Which means, that yes, he would have been ok even drawing a higher rate. He fell above the 3% rule, so he would have (in retrospect) been able to take out more--maybe even what I was taking. The 3% is just the safest rate. In the end, he would have been ok with a little higher, because he didn't experience the worst 50 years like I did.

The thing is you don't know which bucket you'll be in until it's all over, so if you want to be absolutely safe, you only start with 3%.

The guy that retired 6 months after me WOULD have been ok with a higher withdrawal rate, because his 50 years are better than my 50 years.

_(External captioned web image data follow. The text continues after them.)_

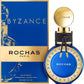 Perfume Byzance de Rochas para mujer 90 ml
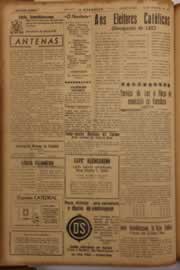 Hemeroteca - pagina O_Nordeste_1956_10_0164.jpg
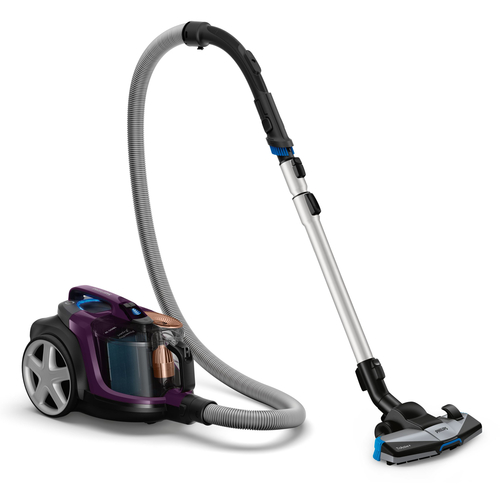 Philips 7000 series FC9732/81 vacuum – image 2
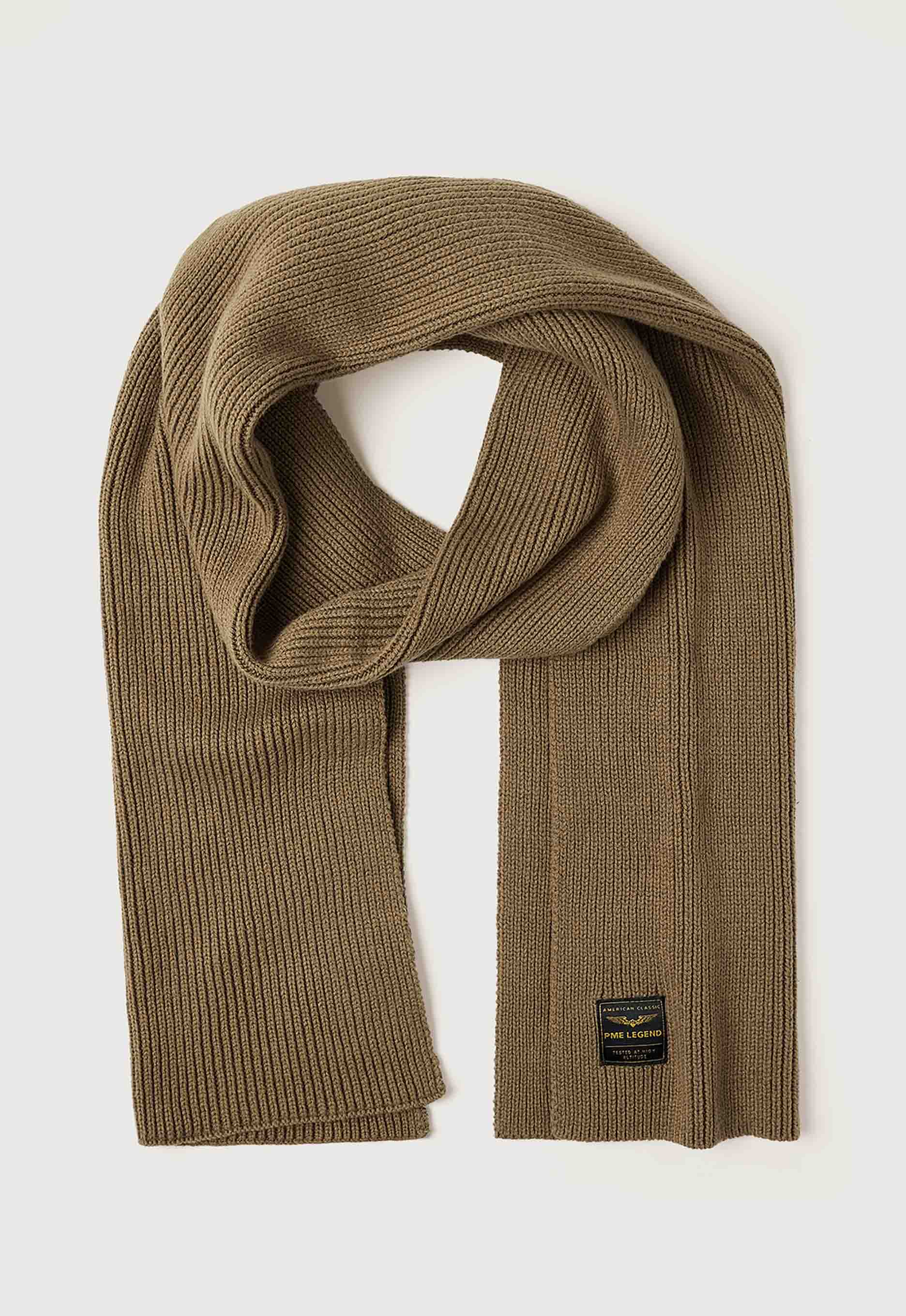 Pme legend Basic Sjaal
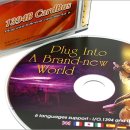 강원전자 주식회사 이미지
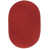 Rouge foncé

Some people will have a stellar 50 years (and in hindsight could have withdrawn 6%!). You just don't know which one you are going to be, so if you want to be absolutely safe, you go with the 3%. In many cases, as you illustrate, it would be overkill.

Overkill is what the rule is intended to almost guarantee. Undekill is what the rule is intended to prevent.


I don't like those SWR estimates for a couple of reasons:
- you can pull the plug far quicker if your necessary expenses are pretty low, you don't mind cutting back on discretionary expenses and / or are ok with working a bit
- they don't take into account that every older (say 75-80+) person I've known has drastically lower expenses than most people in their middle years (excluding long term care or increased medical costs - where YMMV - especially if you live in a country with UHC.)

I also find the whole "when / how much to retire" discussion so incredibly fear based (you're an exception). Not saying you shouldn't be realistic, but the way I figure it, you just have to have saved more than 90% of the population - which isn't that hard to do for most middle class people.

Then there's the whole depression fear out there too - it makes no sense. My grandfather *made* most of his money in the great depression years. Makes me think Buffett is right and now is a good time to invest in single family homes in some depressed areas.

New at this

Thanks but Let me clarify what I mean by "above guy"

Guy1 retires in June with $1M. Calc at 3% = $30K.

6 months after horrific crash, in December, his portfolio is worth $600K.

He notes that $30k/$600K = 5%, but since history says he'll be ok he stays the course and stays committed to taking out $30K, inflation adjusted every yr going forward.

Now, along comes Guy2 in December. He has $600K and wants to take out $30K each year to spend. He calcs $30k/$600k = 5%. But since this is more than 3%, he concludes he doesn't yet have enough so continues to work.

How do these 2 stories, both following Bengens 3% rule, reconcile?

Retired Syd

@Jacq: YOU are a breath of fresh air!